Self-abuse

Sinead O'Connor
Sinead O’Connor

When I was in fourth grade, the parish priest asked me if I’d ever abused myself. Abused myself? Why on earth would I do such a thing? And how would I go about it? Hot stove? Hammer? Sewing needle? No, I told him, I had never abused myself.

A funny story, I’ve thought. The sexless old man asking the sexless little boy about masturbation … and using that word – “abused.”

But wave after wave of scandal lapping the shores of the Holy See has given me pause. Was the good father’s question a test of readiness? It was asked during confession the same year that a young and very crush-worthy Sister Mary Emily told us how babies are made, so anybody familiar with our curriculum would have known that a seed of a certain kind had been planted. A time to sow and a time to reap, maybe. Just speculation.

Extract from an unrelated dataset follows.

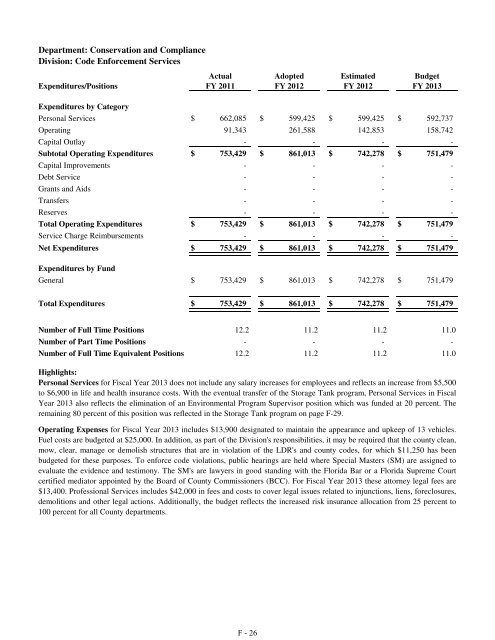 Fiscal Year 2013 Recommended Budget Book - Lake County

Press coverage of Sinead O’Connor’s recent calls for the Vatican to admit its complicity in sheltering pedophile priests reminds me that absolute power really does corrupt absolutely. On the other hand, with the possible exception of the confessional incident just described, I’ve never – not once – sensed anything “off” about any priest, brother or nun. Most were authoritarian, some were friendly. They all smelled good. But none were sexual, not in the slightest. Not even Sister Mary Emily.

Was I lucky? So it would seem.

O’Connor says that her complaint is with the bureaucrats who run the Church, not with the Church itself. They should confess and ask forgiveness, she says. They should do penance. That’s the only way she believes the Church can heal.

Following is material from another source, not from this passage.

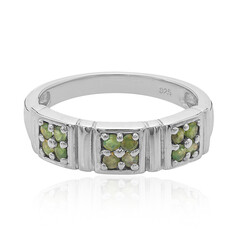 Zilveren ring met alexandrieten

While I couldn’t care less about the death or transfiguration of the Roman Catholic Church and I long ago stopped thinking of myself as connected to it in any way, I agree with O’Connor in principle. Our leaders should lead by example. No institution is too big to fail.

But O’Connor and I part ways in practice. The Church isn’t the Vatican. It isn’t the priests or the ritual of the mass. It’s people like O’Connor. It’s people. Listening to her impassioned plea for reform yesterday, I thought, “That woman is holy. Absolutely holy. And she’s absolutely wasting her time.”